West leads the ♥4 (fourth best). East wins the ace and returns the ♥3 to your queen and West’s king. West exits with the ♥2 to the 10 and jack. How do you continue?
After three rounds of hearts, West figures to be looking at two winning hearts, the ♠A and the ♣K. The question is this: Do you need a double club finesse to make this contract? The answer is a resounding no!
If West started with four or more clubs (or the king-jack of clubs with any length), West is about to be squeezed in three suits without the risk of playing a club to the 10. Just cash five rounds of diamonds reducing all hands to five cards:
What five cards can West save? If West discards a heart, you can safely lead a club to the queen and set up your ninth trick in spades. If West has hung on to both hearts and the ♠A, West has two clubs left, so lead a club to the queen and hope the clubs come in. The only way you can go down on this deal is if West started with K–x or K–x–x of clubs, but in those cases leading a club to the 10 wouldn’t have worked either.
On this layout, West is squeezed in three suits when you run the diamonds.
Don’t expect to win any bidding competitions with this sequence. Here you are in a sketchy 3NT with 6♣ being odds on. Play well! You are going to have to bring back this result to your teammates.
West leads the ♠5 (fourth best). East plays the ♠K. Plan the play.
Start by winning the ♠A. It is dangerous (read “insane”) to attack clubs before testing the red suits first as they might produce the eight additional tricks you want, eliminating the need to score even one club trick. Besides, leading a club early and finding East with the ♣A (who will gleefully return a spade) won’t be pretty at the table to say nothing of the postmortem.
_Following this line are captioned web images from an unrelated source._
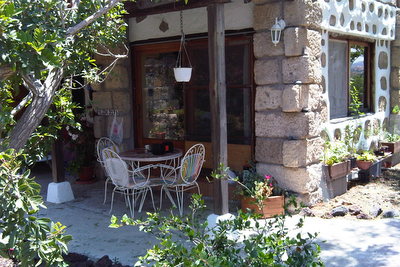 mit &uuml;berdachter Terrasse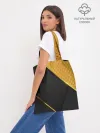 Шоппер база / 3D BLACK & GOLD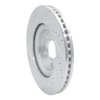 631-67104R Drilled/Slotted Brake Rotor [Silver], 2014-2019 Infiniti/Nissan, Position: Front Right - image 4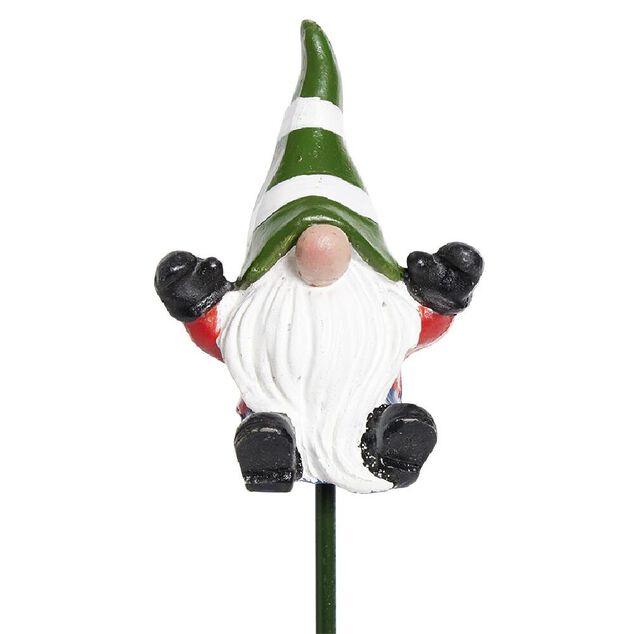 Figurine &agrave; planter gnome de jardin H50cm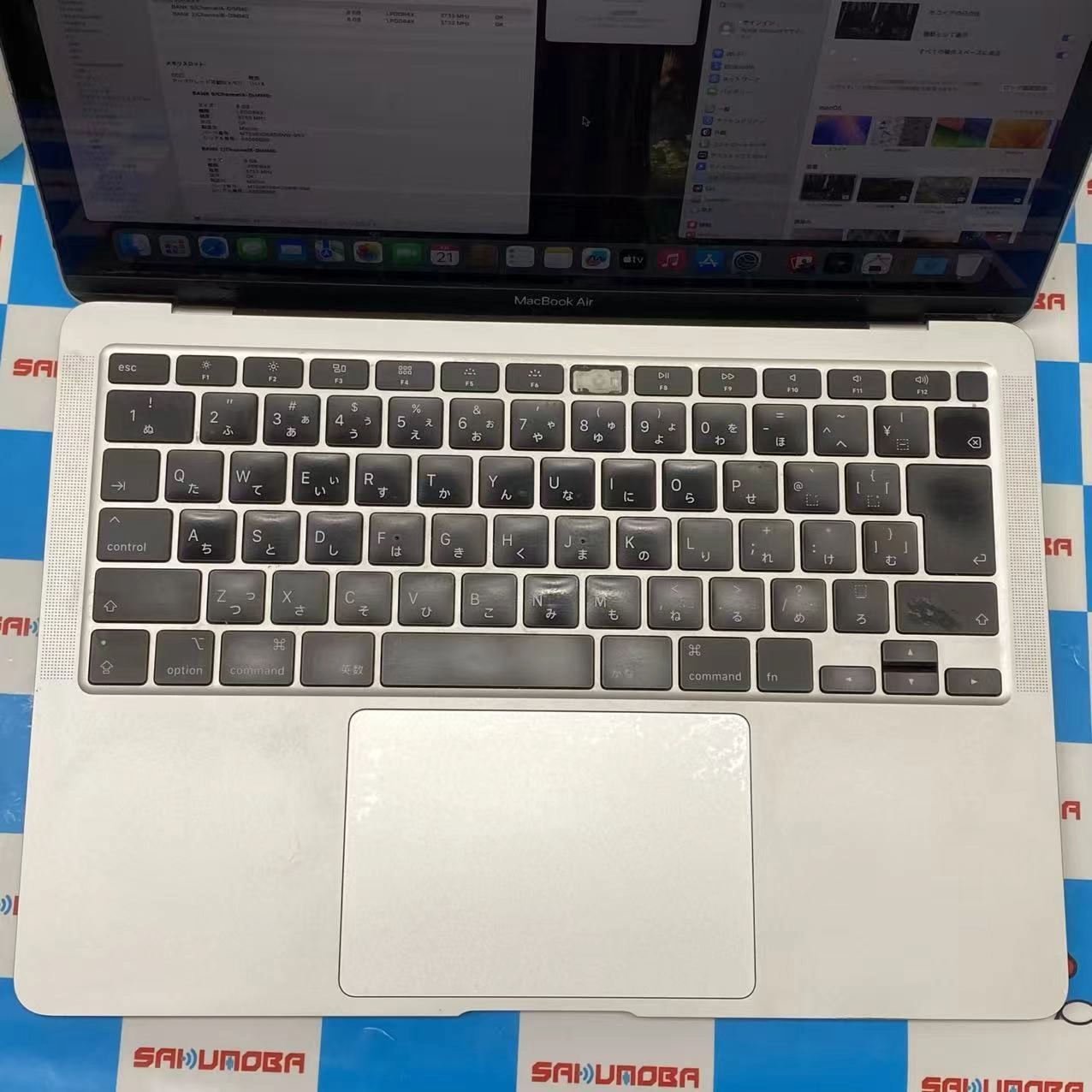 MacBook Air 13インチ Early2020 Core i5 1.1GHz 16GB/512GB A2179 ジャンク品 スペースグレイ
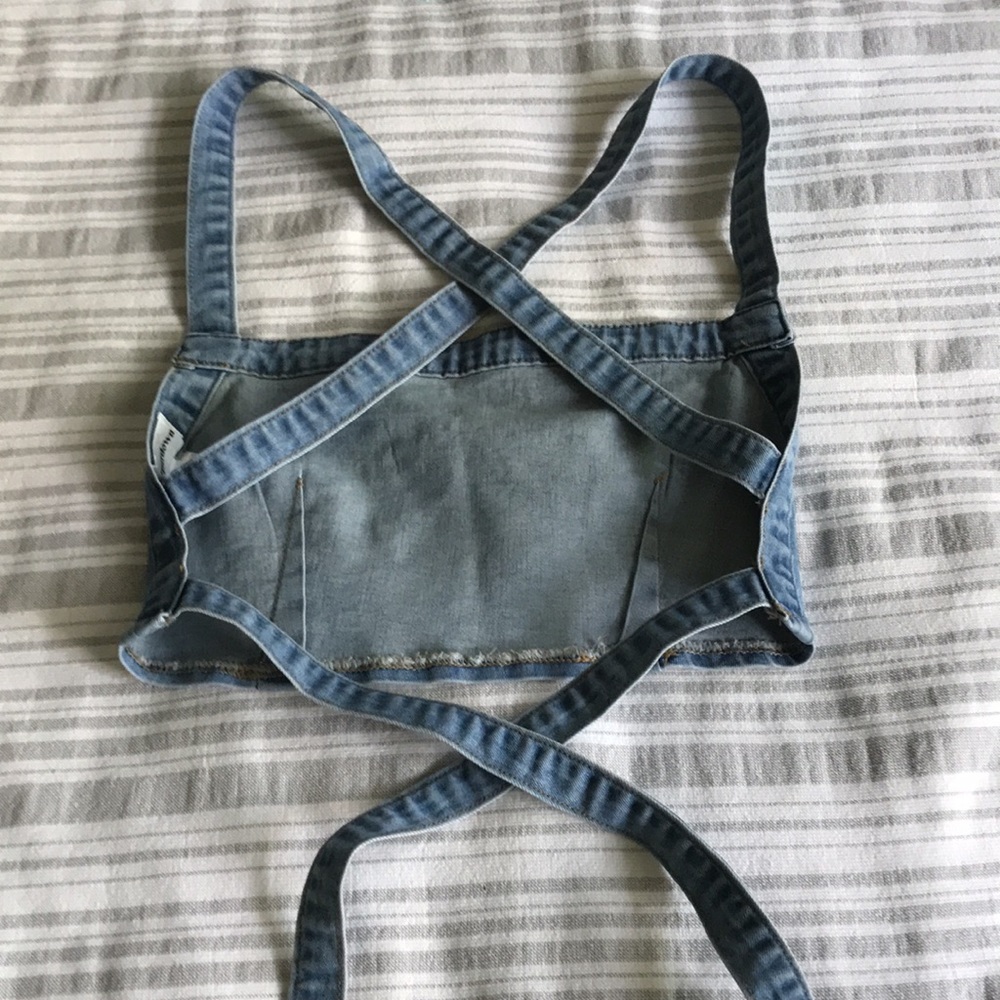 Superdown Leia denim crop top S - Picture 11 of 16
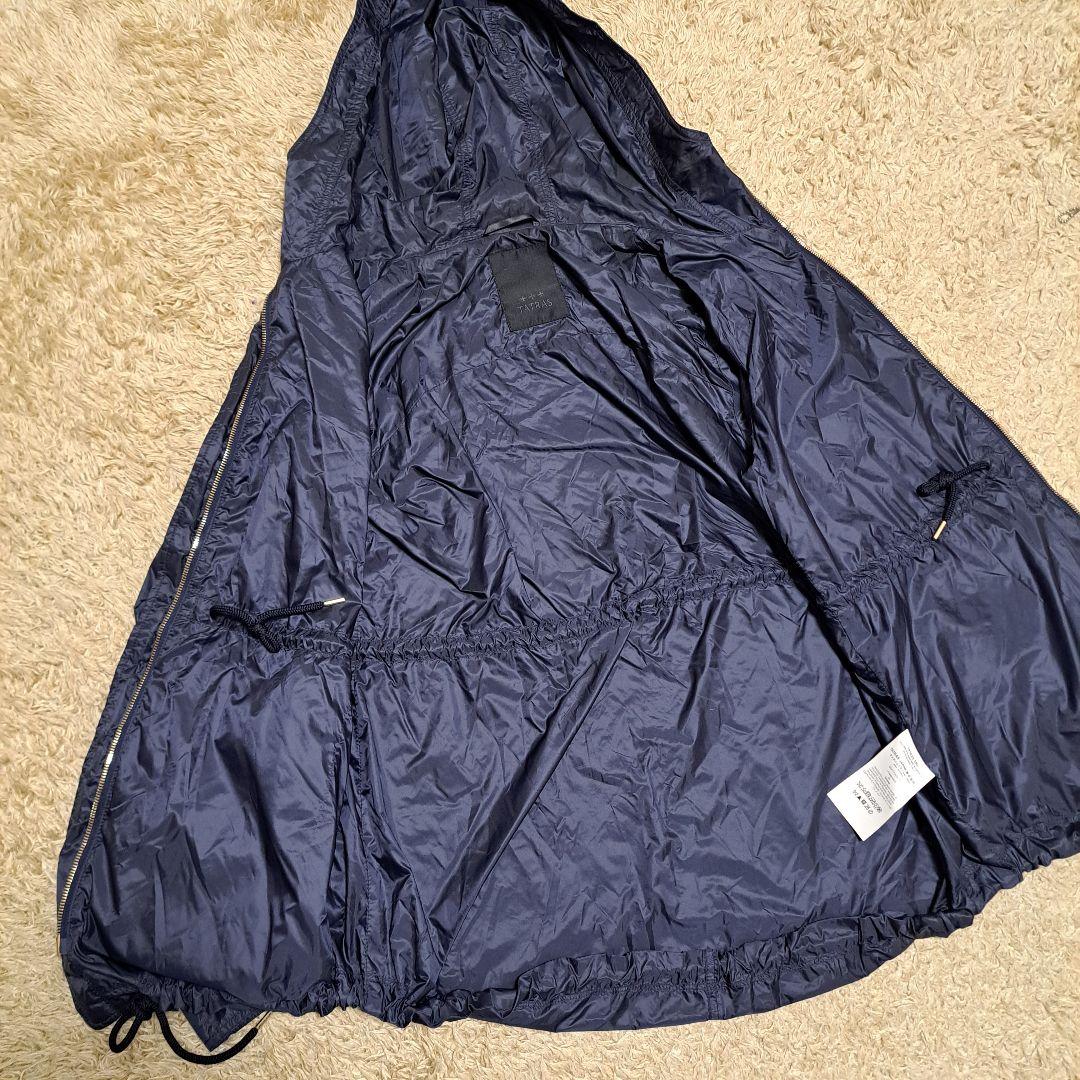 タトラス　ナイロンジャケット　lta9bm4533　ネイビー モッズコート　薄手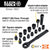 Klein Tools 65400 KNECT 8-1/2" Drive Impact-Rated Pass Through Socket Set, 15-Piece
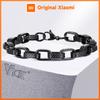 Vnox Punk Rock Chuky Chain Bracelets for Men Teens Boys, Stainless Steel Rectangle Links Chain Wristband New Jewelry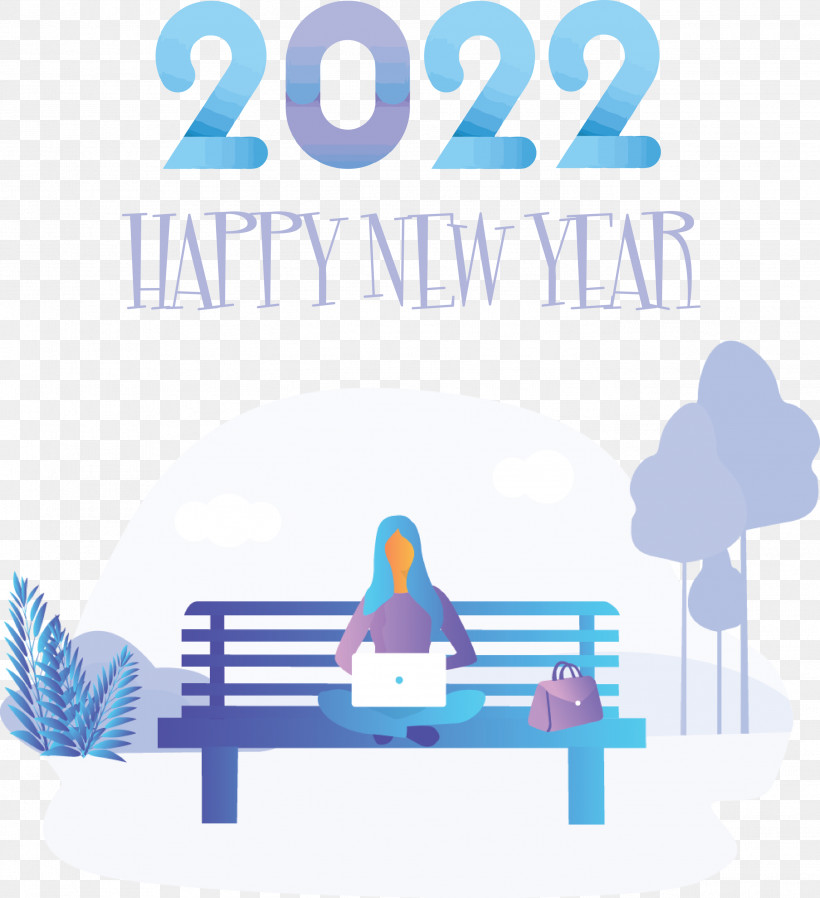 2022 New Year 2022 Happy New Year 2022, PNG, 2737x3000px, Cartoon, Bench, Footage, Logo Download Free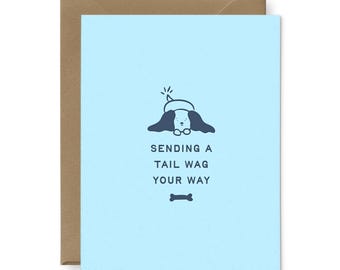 Tail Wag Your Way Everyday Greeting Card | Letterpressed
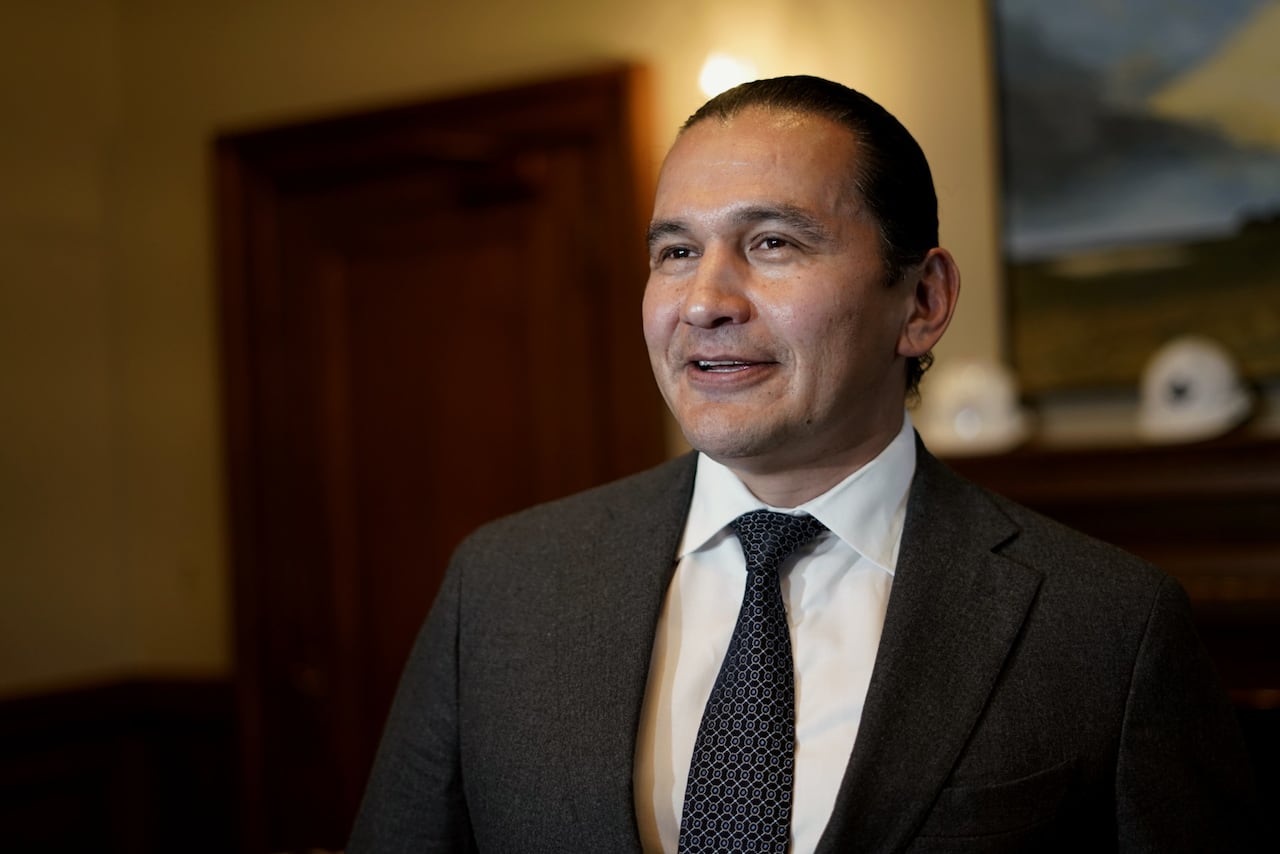 Premier of Manitoba Wab Kinew.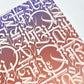 Cryptik Eternal. Close-up photo of top right corner of print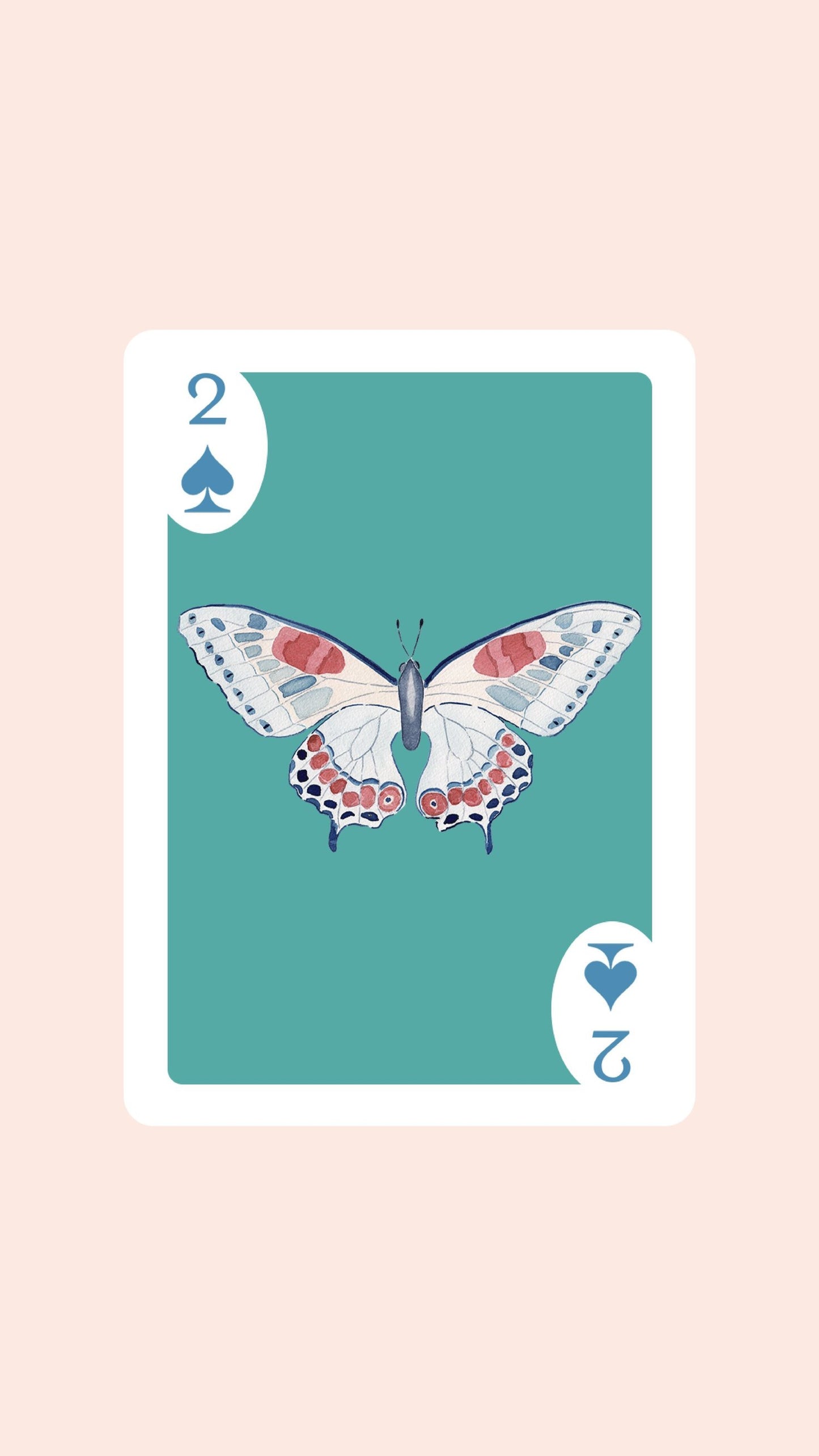 Butterfly Playing Cards with Acrylic Box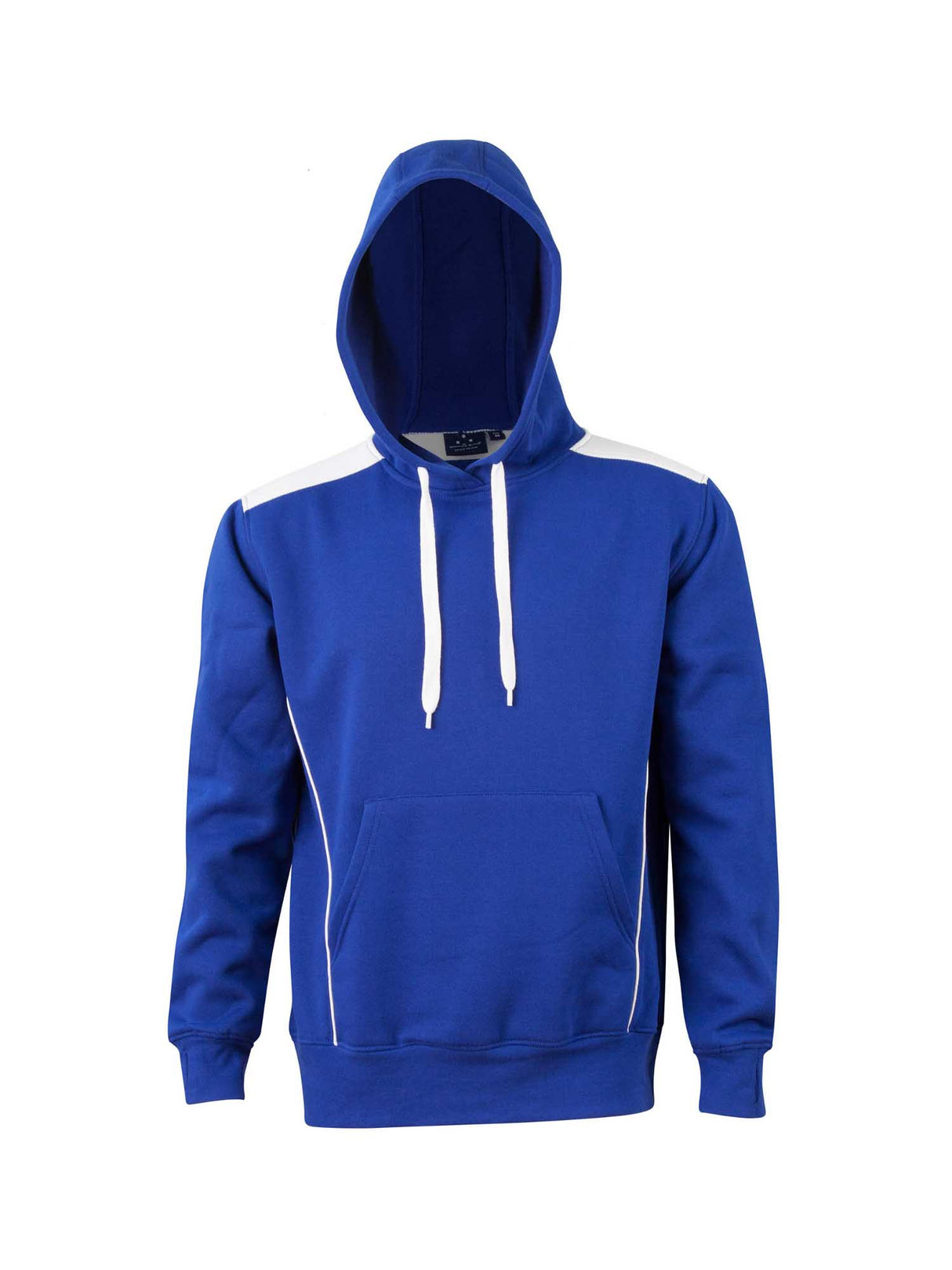 Unisex Fleece Contrast Closed-Front Hoodie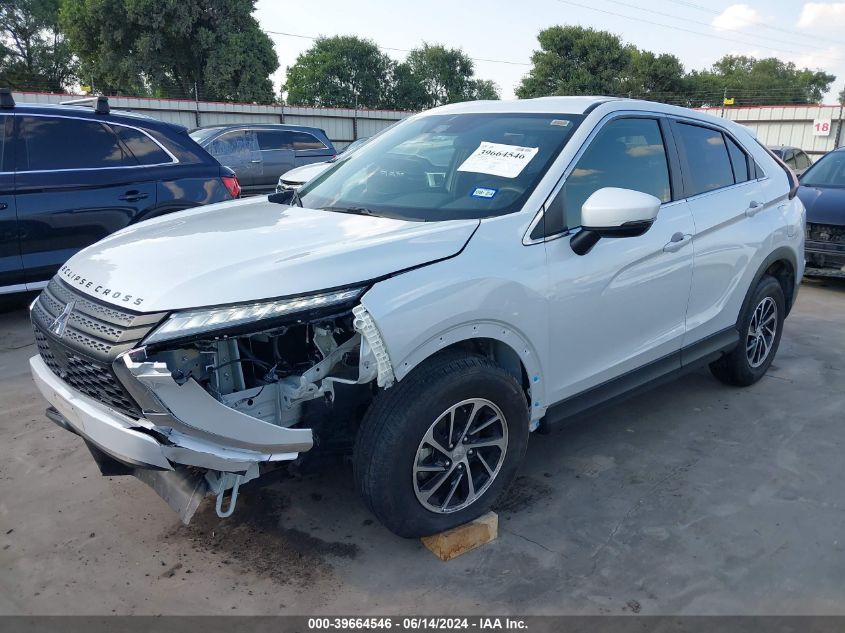 2023 Mitsubishi Eclipse Cross Es S-Awc VIN: JA4ATUAA1PZ003189 Lot: 39664546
Start by attacking diamonds. If the ♦J is doubleton, cross to the 10 on the third round. You’ll have four diamond tricks because you have a dummy entry in the form of the ♥K. If the ♦J is not doubleton, play a third diamond to dummy. If they break 3–3, cash a fourth diamond and discard a club. Had you played hearts first, you would not be able to take four diamond tricks if the jack was doubleton.
Next, test the hearts. If they break 3–3, and the diamonds have come in for four tricks, you have nine tricks. Dreamer. Chances are that at least one of the red suits is not going to come in for four tricks. If East has guards in both red suits, you must find the ♣A with West.
If one of the red suits has come in for four tricks, you are still short a trick. If West has a guard in one of the red suits, your next play should be based on which defender is sharper. If you think West is the sharper defender, try to sneak the ♣J past East. If West has the ♣A, you are home free anyway, and East may err by ducking.
If, however, East is the sharper defender — someone who would never let you slip a club by holding the ace — throw West in with the red suit he has protected, discarding a club. If West has the ♣A, you are safe for nine tricks no matter what. If West doesn’t have the ♣A, he may err: Fearing a club shift, West may continue spades hoping partner has the jack, handing you the contract on a silver platter.